YOUR OBJECTIVE - Every line below from the one with "Checkerboard Lime Green" through the one with "Merrick Classic Healthy" should be retyped exactly, both ends included; no other lines and no pictures.

RECORD EXTRACTS -
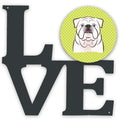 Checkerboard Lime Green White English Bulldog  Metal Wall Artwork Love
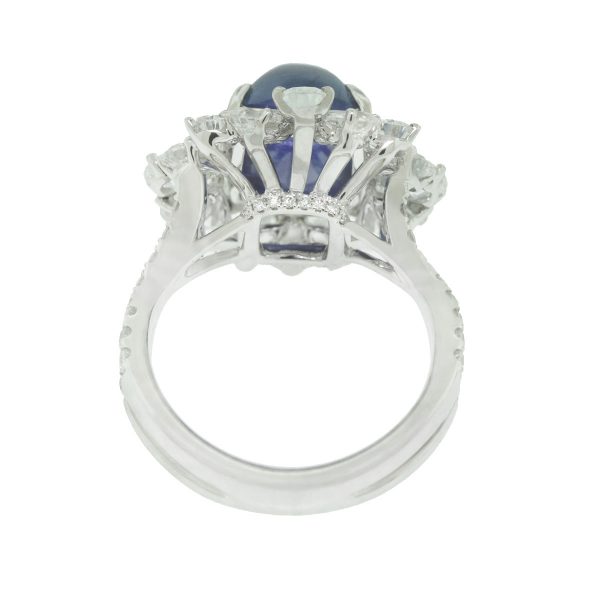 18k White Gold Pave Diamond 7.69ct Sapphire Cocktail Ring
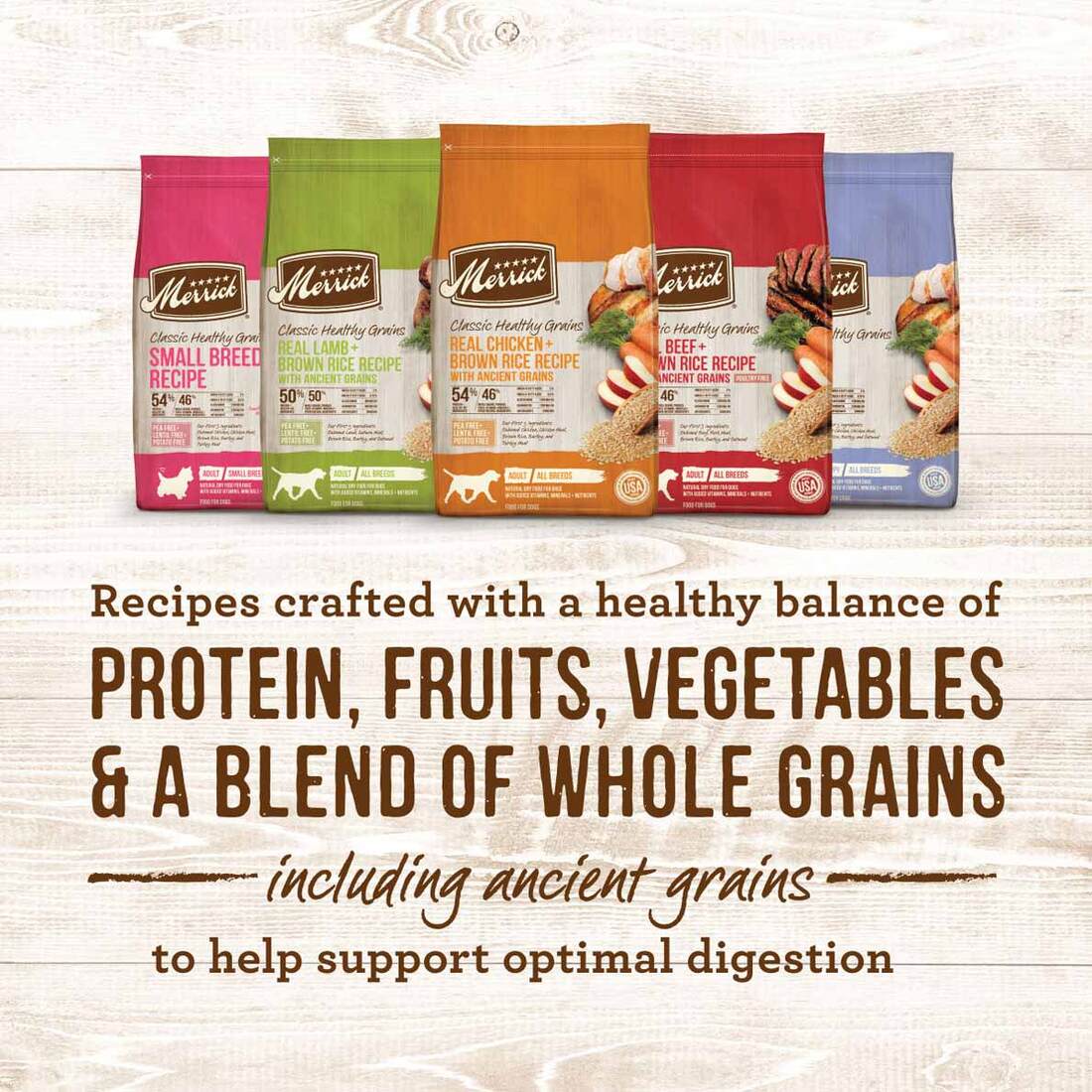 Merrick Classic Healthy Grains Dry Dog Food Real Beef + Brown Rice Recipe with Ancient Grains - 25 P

* * *

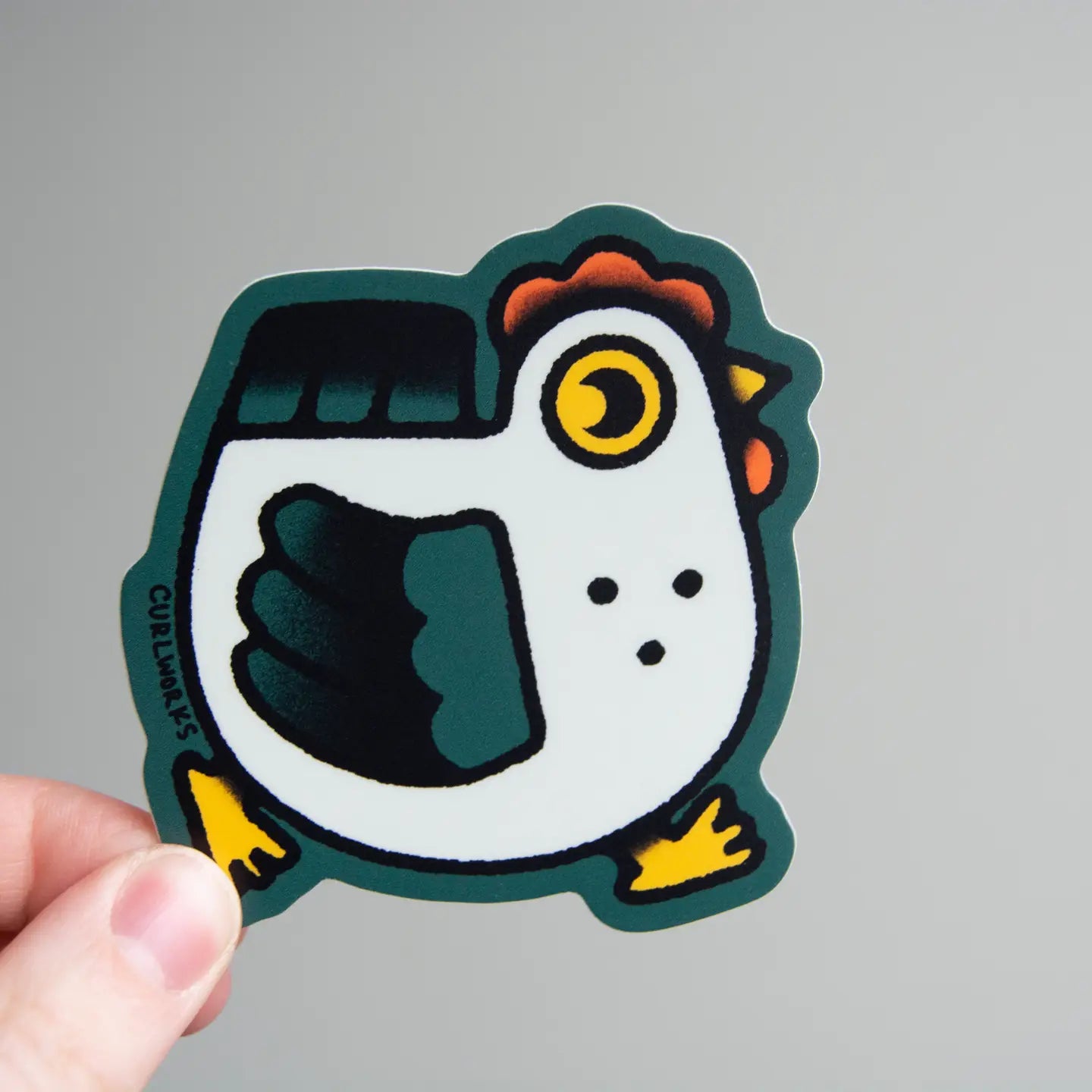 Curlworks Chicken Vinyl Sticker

COMPLETED TASK -
 Checkerboard Lime Green White English Bulldog  Metal Wall Artwork Love
 18k White Gold Pave Diamond 7.69ct Sapphire Cocktail Ring
 Merrick Classic Healthy Grains Dry Dog Food Real Beef + Brown Rice Recipe with Ancient Grains - 25 P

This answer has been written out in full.